## Exercise requirements
Images are not part of the copy; transcribe all the data exactly.

## Data provided

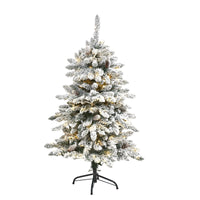 Thumbnail for 4’ Flocked Livingston Fir Artificial Christmas Tree with Pine Cones and 150 Clear Warm LED Lights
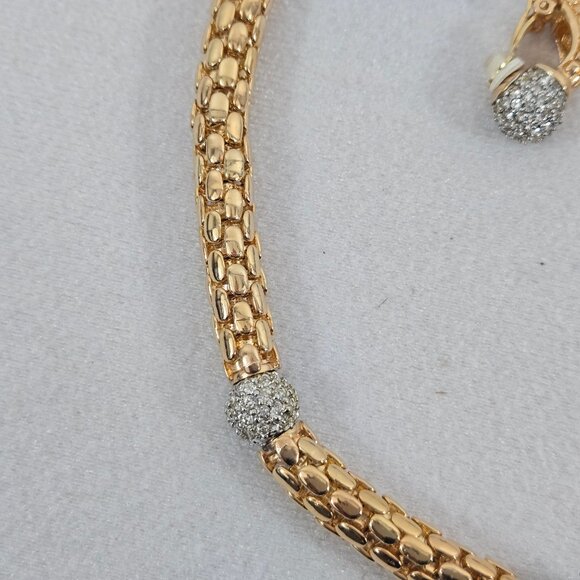 Rau Klikit Demi Pave Rhinestone 18" Snap Necklace w/Matching Earrings Signed LN - Picture 10 of 14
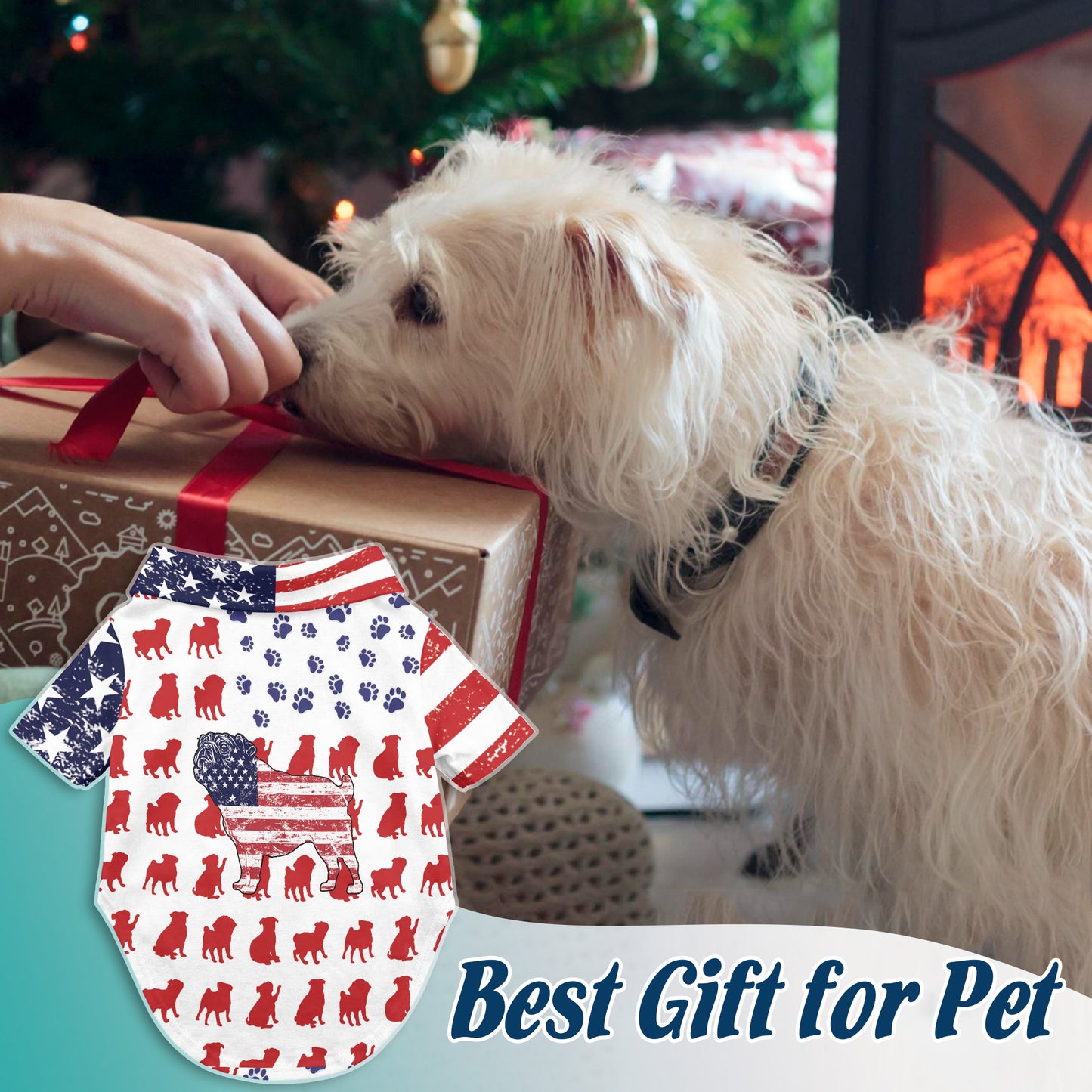 Netecom Matching Pug Flag Hawaiian Shirt for Dog and Owner, Aloha Summer Shirt, Pug Print Button Down Outfit for Pet and Human, Beach Vacation Casual Wear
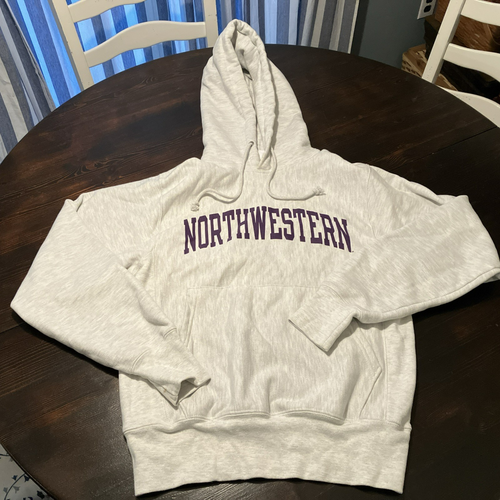 Northwestern University Sweatshirt Hoodie Champion Reverse Weave Size S Grey - Picture 1 of 11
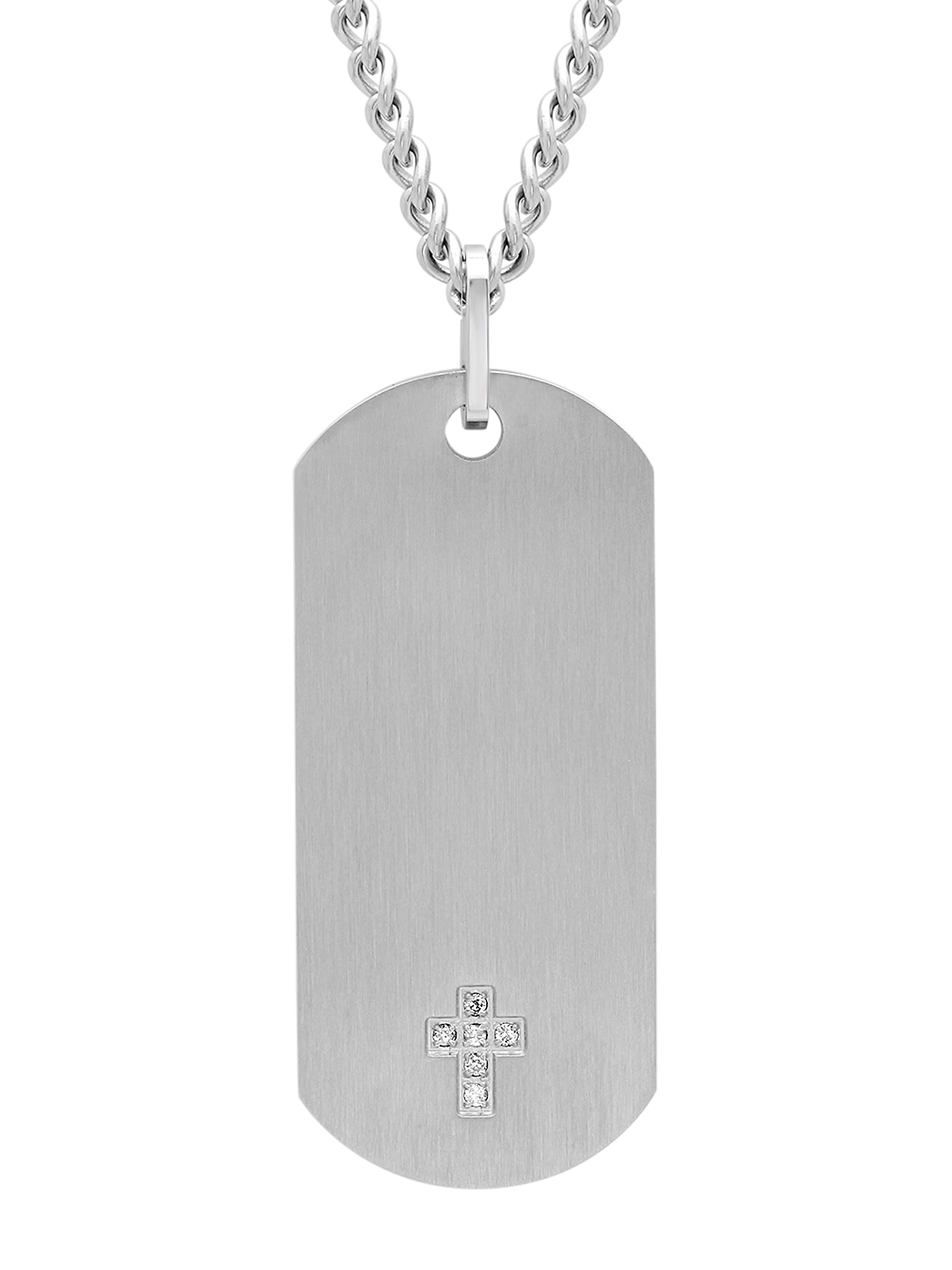 Men's Stainless Steel White Diamond 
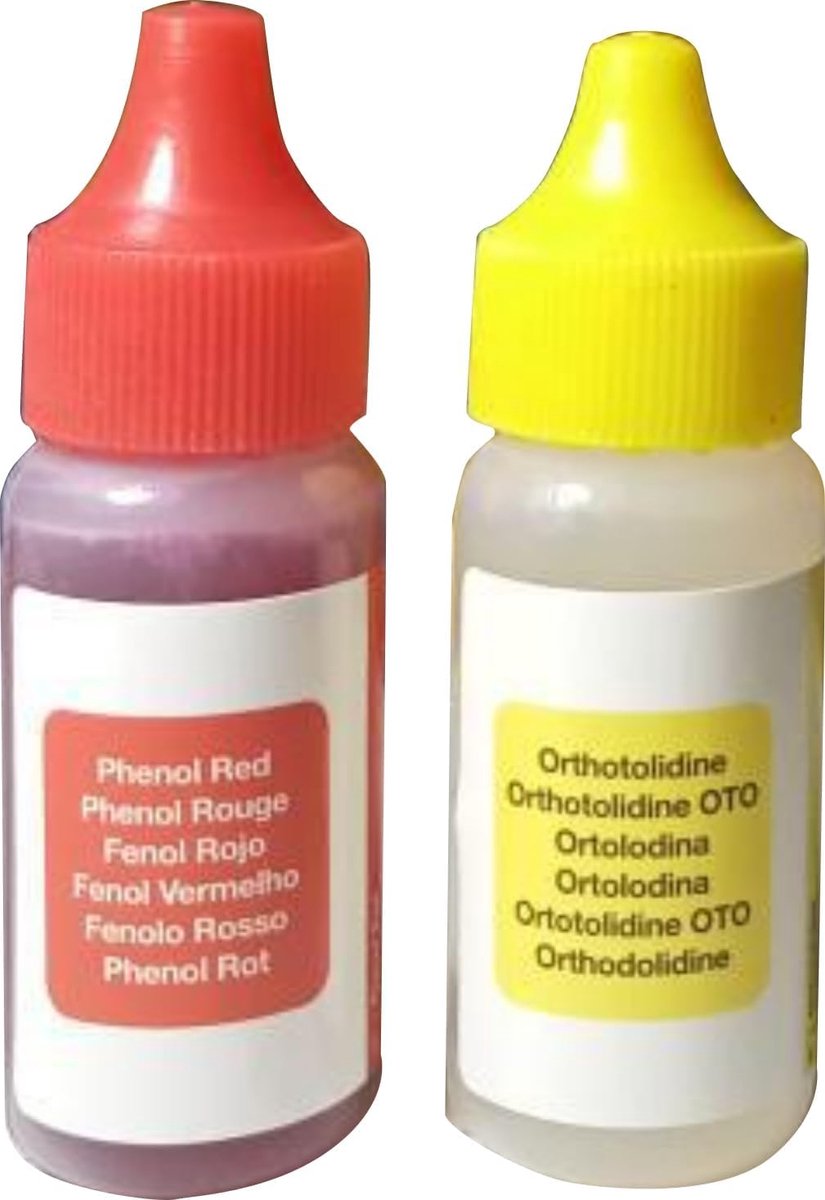 SnelShoppen - Test set pH en chloor tester (Oto/Phe), 5 druppels voor zwembad, spa of whirlpool, nauwkeurige waterkwaliteit met testvloeistof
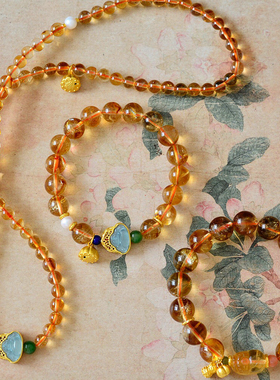 天然黄水晶项链多圈手串蓝水翡翠弥勒佛手链女新中式国风设计轻奢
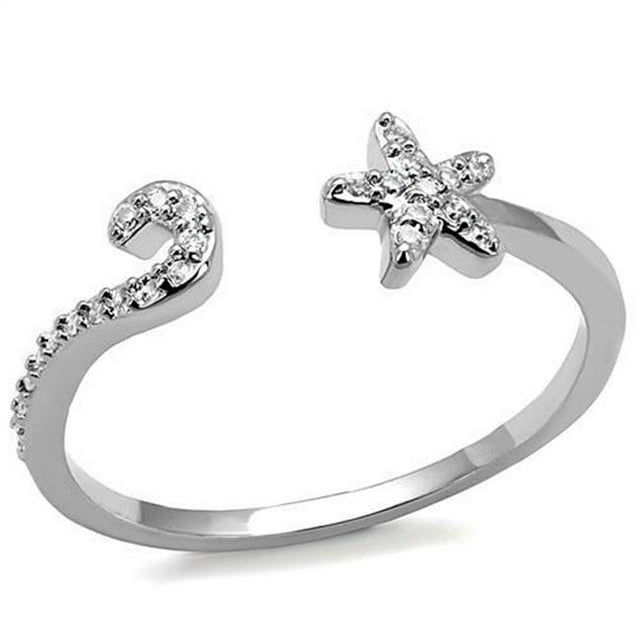 Alamode 3W1240-8 Women Rhodium Brass Ring with AAA Grade CZ in Clear - Size 8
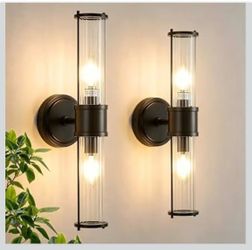 Modern Black Wall Sconces Set of 2, 2-Light Bathroom Vanity Lights, Vertical or Horizontal Mount, New/Open Box | L-109  Description:  ✨ Modern black w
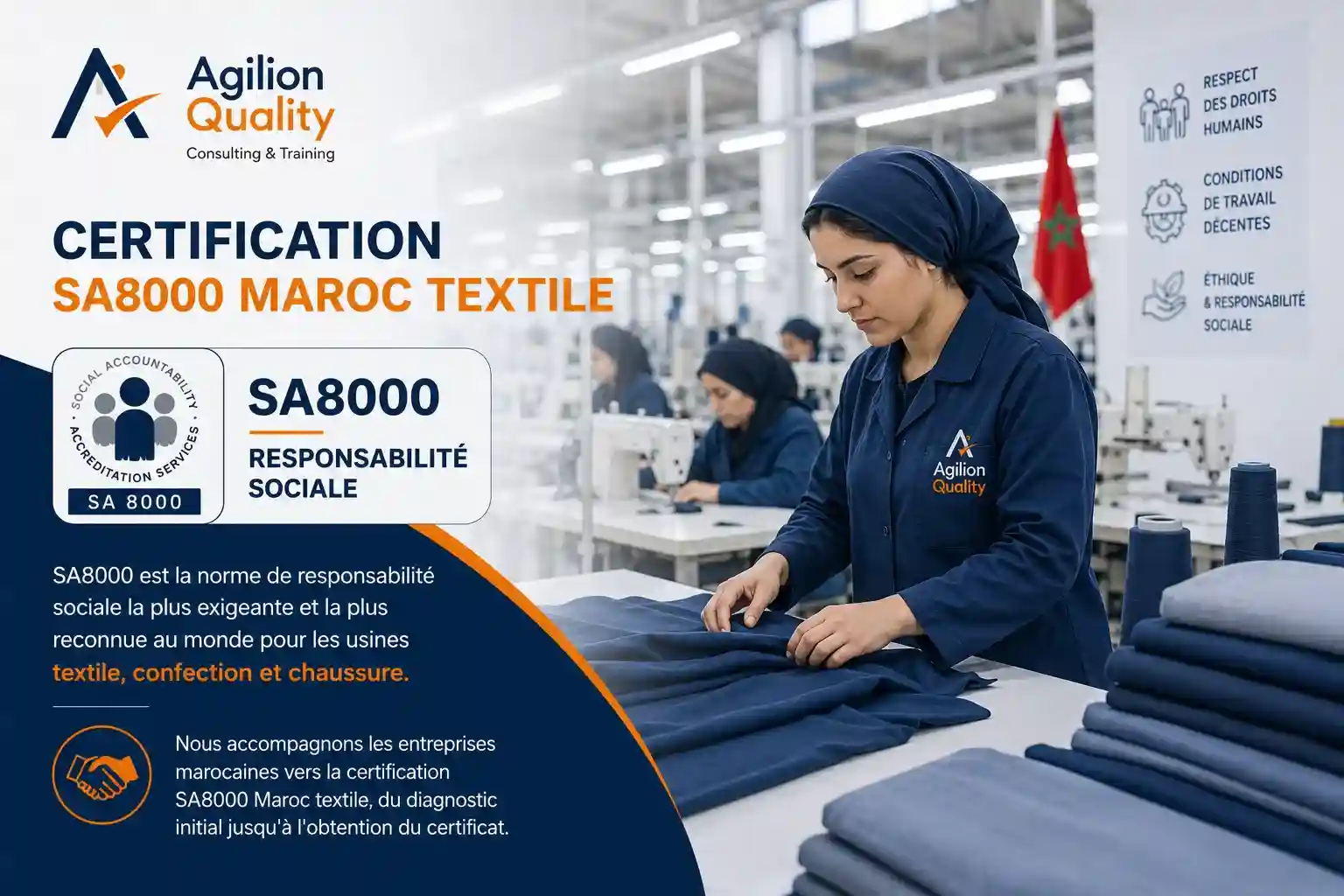 Certification SA8000 Maroc textile : audit social et conditions de travail en usine textile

## Completed exercise
 Thumbnail for 4’ Flocked Livingston Fir Artificial Christmas Tree with Pine Cones and 150 Clear Warm LED Lights
 Rau Klikit Demi Pave Rhinestone 18" Snap Necklace w/Matching Earrings Signed LN - Picture 10 of 14
 Netecom Matching Pug Flag Hawaiian Shirt for Dog and Owner, Aloha Summer Shirt, Pug Print Button Down Outfit for Pet and Human, Beach Vacation Casual Wear
 Northwestern University Sweatshirt Hoodie Champion Reverse Weave Size S Grey - Picture 1 of 11
 Men's Stainless Steel White Diamond 
 SnelShoppen - Test set pH en chloor tester (Oto/Phe), 5 druppels voor zwembad, spa of whirlpool, nauwkeurige waterkwaliteit met testvloeistof
 天然黄水晶项链多圈手串蓝水翡翠弥勒佛手链女新中式国风设计轻奢
 Alamode 3W1240-8 Women Rhodium Brass Ring with AAA Grade CZ in Clear - Size 8
 Modern Black Wall Sconces Set of 2, 2-Light Bathroom Vanity Lights, Vertical or Horizontal Mount, New/Open Box | L-109  Description:  ✨ Modern black w
 Certification SA8000 Maroc textile : audit social et conditions de travail en usine textile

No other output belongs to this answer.